**Stored data:**
* * * * * * *

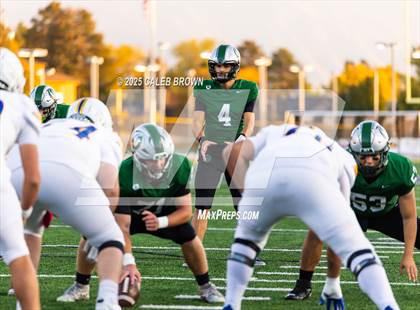 Thumbnail 1 in Cyprus @ Olympus (UHSAA 5A First Round) photogallery.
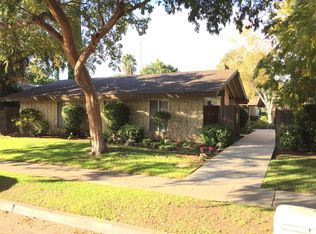 5723 N Valentine Ave #101, Fresno, CA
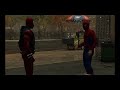 Spiderman meets Spiderman LMAO must watch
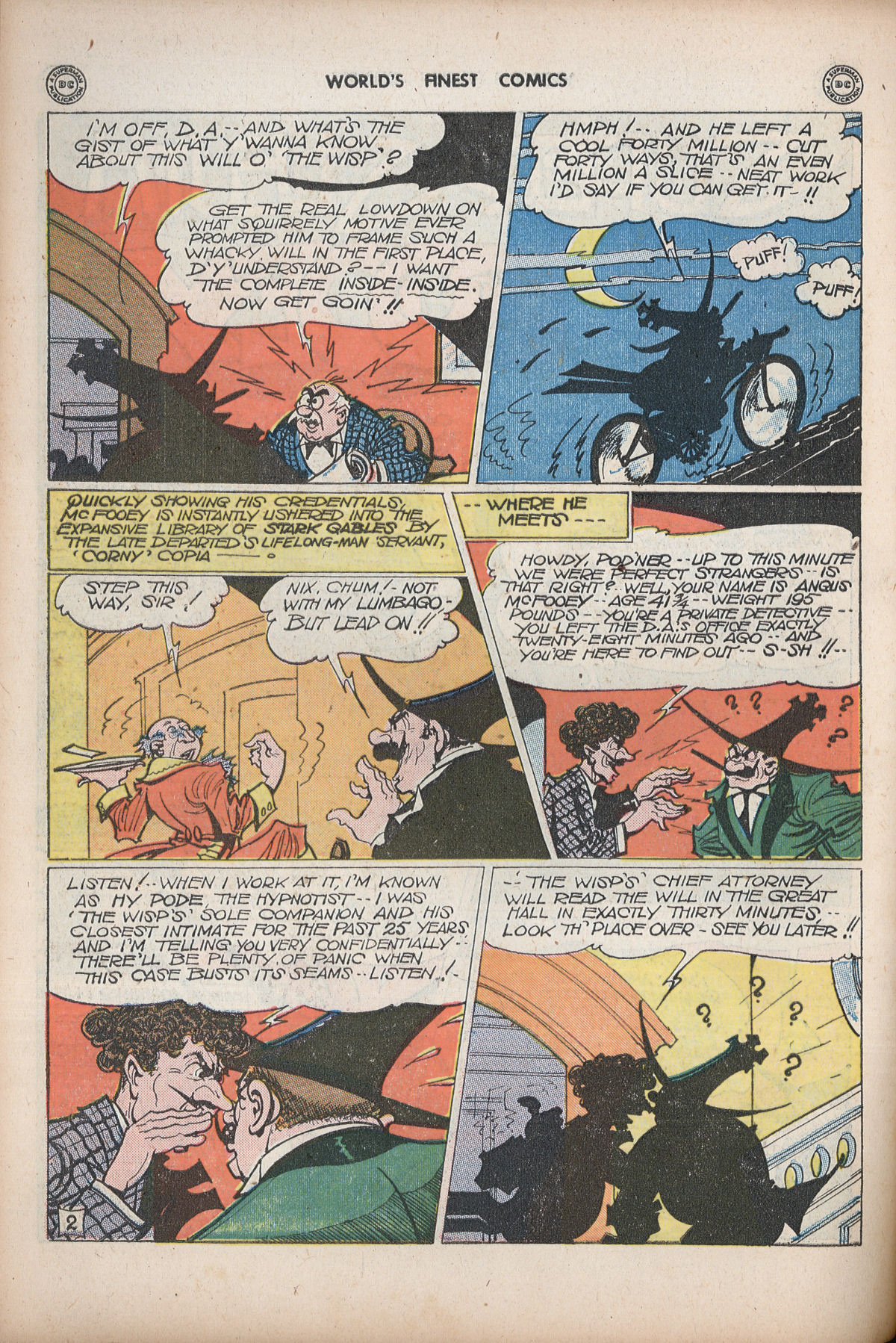 Worlds Finest Comics 24 Page 47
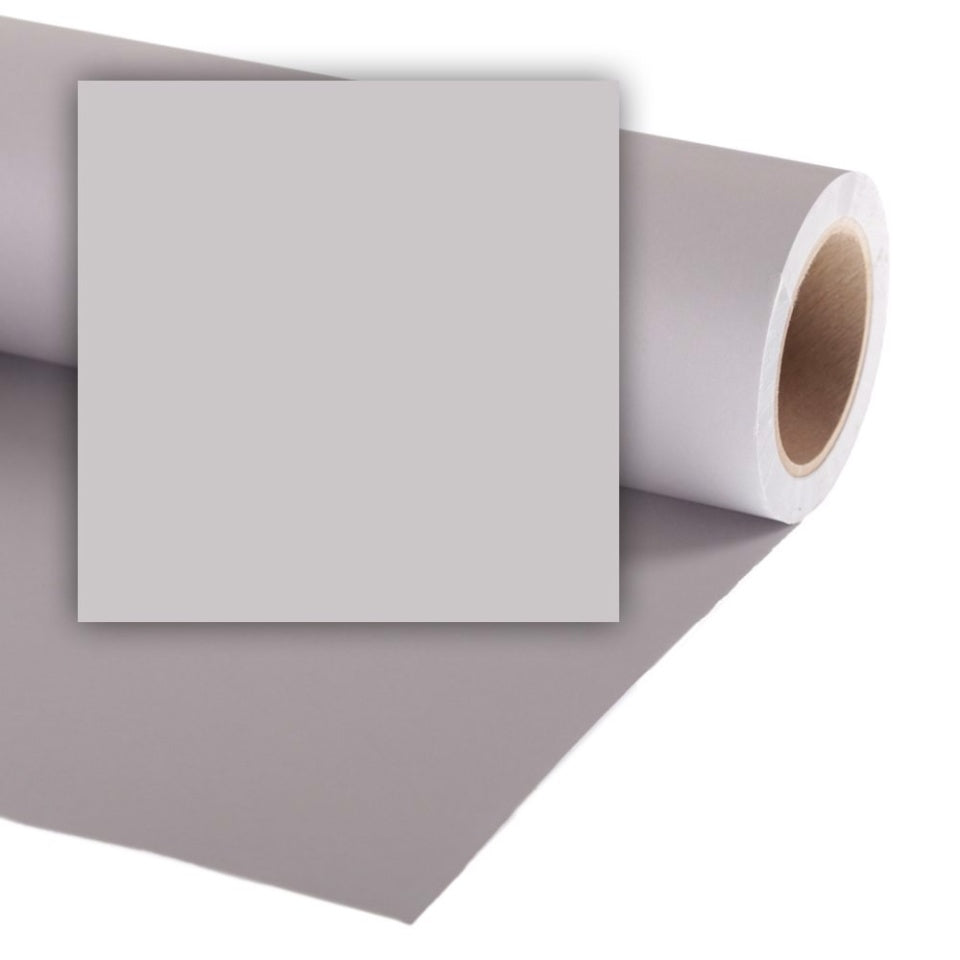Colorama Fondale in carta 2.72x11m Quartz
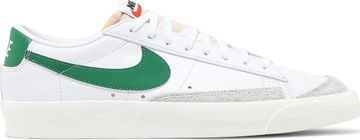 Foto do produto Tênis Nike Blazer Low 77 Pine Green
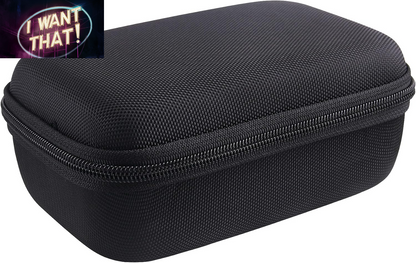 Professional Hard EVA Carrying Case for Hoverair X1 Drone with Camera Kit Storage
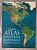 Grande Atlas Universal Ilustrado - Reader's Digest - Imagem 1
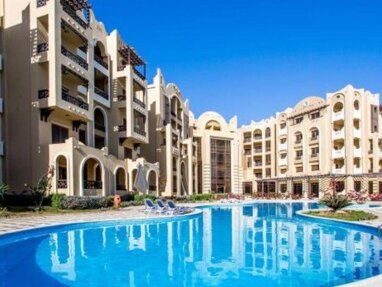Wohnung zum Kauf 58.500 € 1 Zimmer 72 m² Hurghada 84511
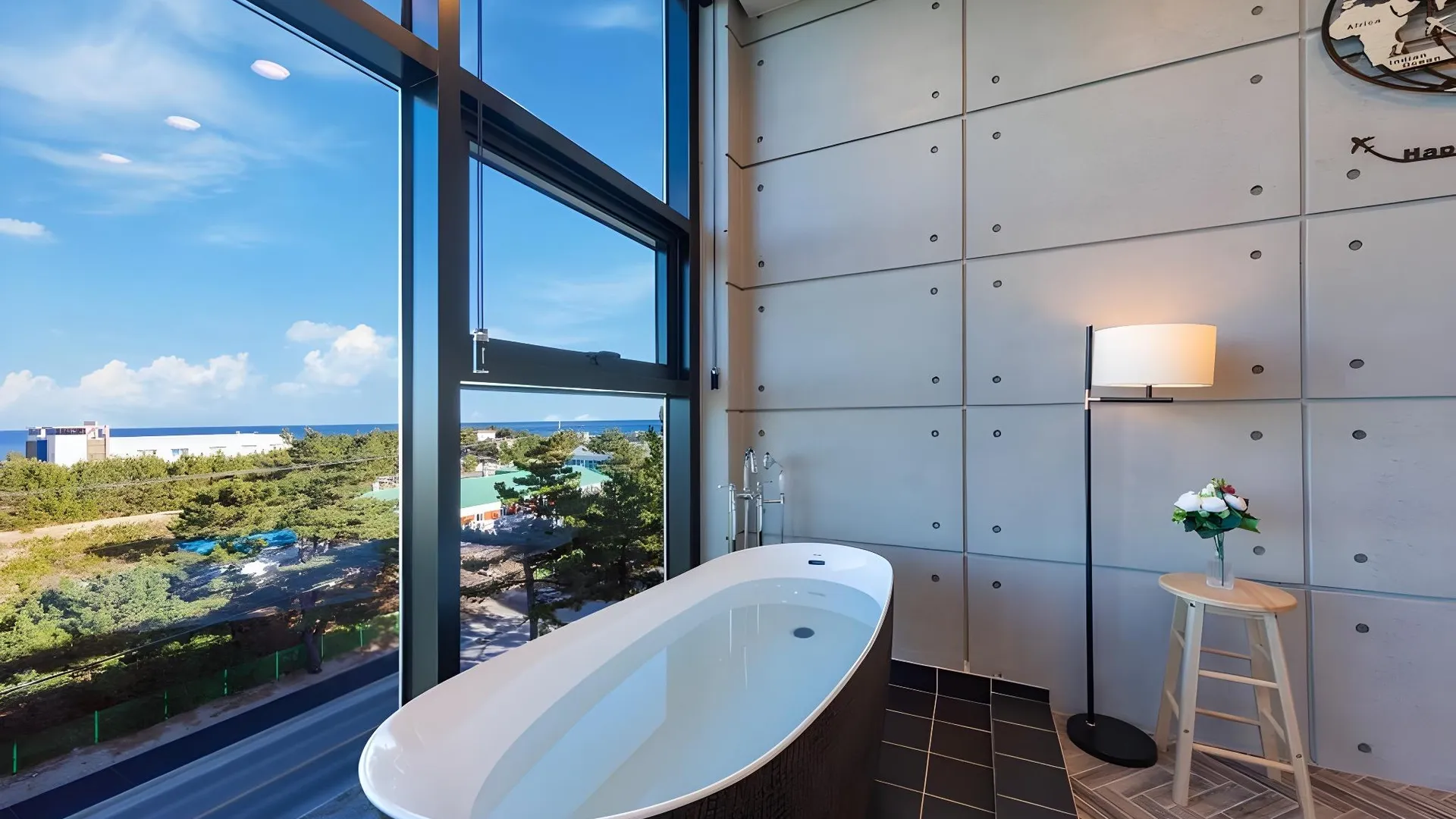 강릉 좋은날 풀빌라 3성급 게스트하우스 부대시설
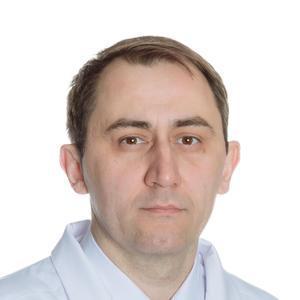 Панфилов Алексей Сергеевич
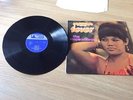 The Inspirations Reggae Fever Original 1970 Trojan LP TTL27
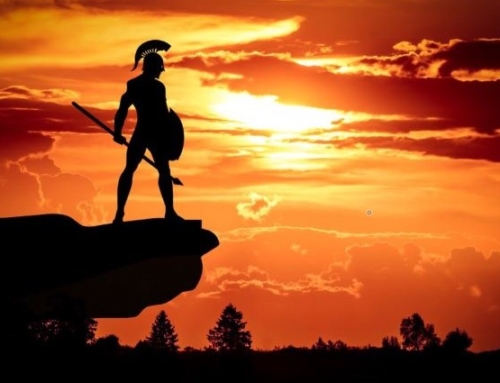 Deep Knowledge in a Flat World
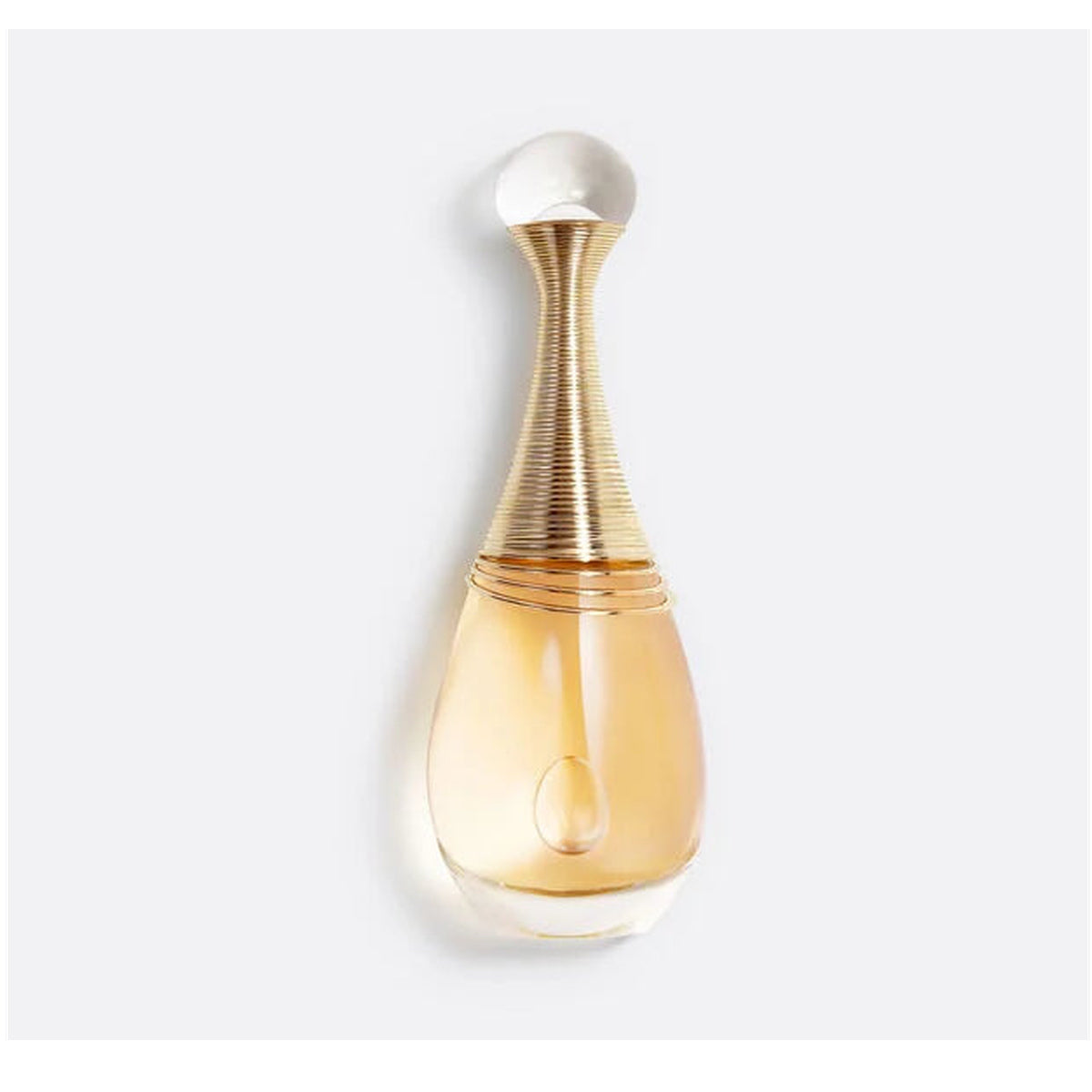 Frasco de J’adore by Dior EDP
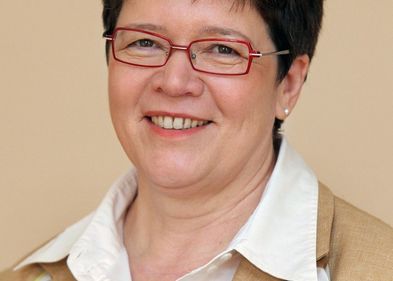 Ilse Junkermann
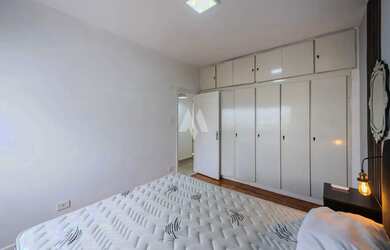 Imagem 10: Apartamento 02 dormitórios locação - Embaré -Santos/Sp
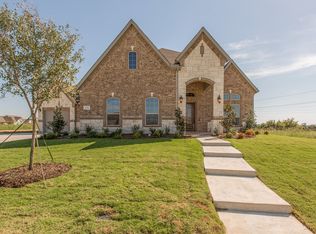 5110 Magnolia Ln, Sachse, TX 75048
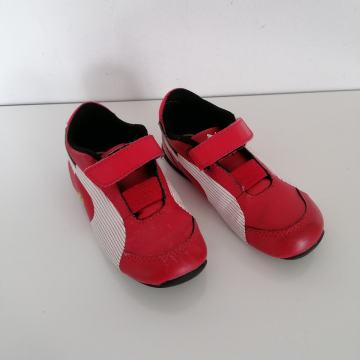 Superge za fantka št.25 Puma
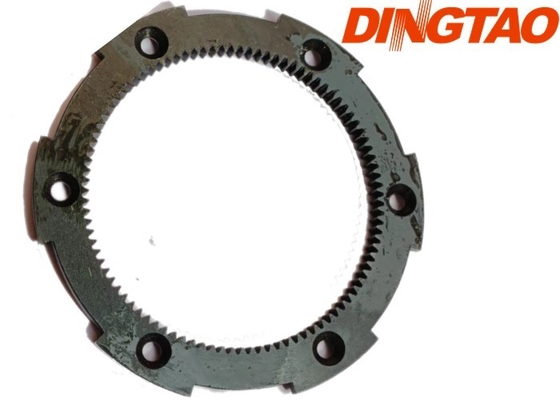 59209001 DT GT7250 Spare Parts Gear Drive Sharpener S7200 Cutting Parts
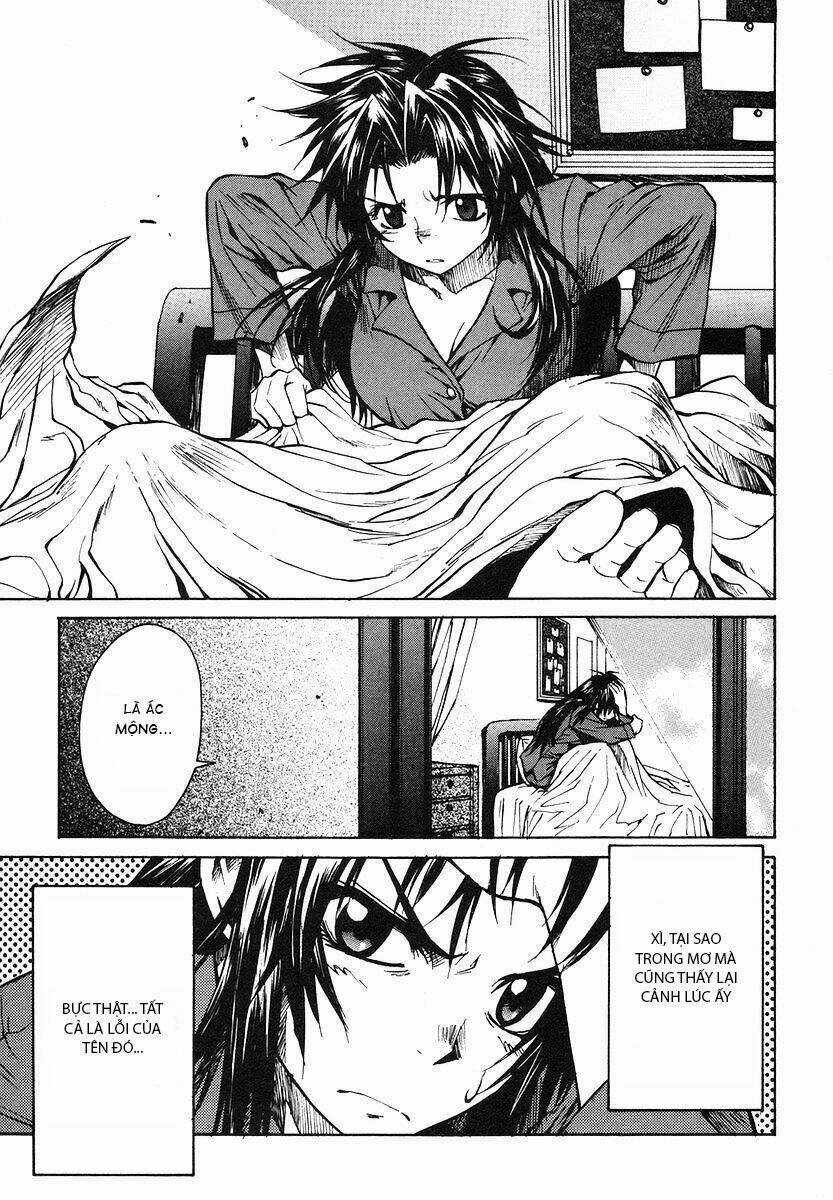 Full Metal Panic! Sigma - Chapter 1 - Trang 6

* * * * * * *

**Assignment:** Find the line with "Professional Hard EVA" in the listing above, then write it out along with every later line through the last one, exactly, omitting pictures.

**Result:**
 Professional Hard EVA Carrying Case for Hoverair X1 Drone with Camera Kit Storage
 Grande Atlas Universal Ilustrado - Reader's Digest - Imagem 1
Wohnung zum Kauf 58.500 € 1 Zimmer 72 m² Hurghada 84511
 강릉 좋은날 풀빌라 3성급 게스트하우스 부대시설
 Панфилов Алексей Сергеевич
 The Inspirations Reggae Fever Original 1970 Trojan LP TTL27
 Deep Knowledge in a Flat World
 Frasco de J’adore by Dior EDP
 Ilse Junkermann
 Imagem 10: Apartamento 02 dormitórios locação - Embaré -Santos/Sp
 5110 Magnolia Ln, Sachse, TX 75048
 Superge za fantka št.25 Puma
 59209001 DT GT7250 Spare Parts Gear Drive Sharpener S7200 Cutting Parts
 Full Metal Panic! Sigma - Chapter 1 - Trang 6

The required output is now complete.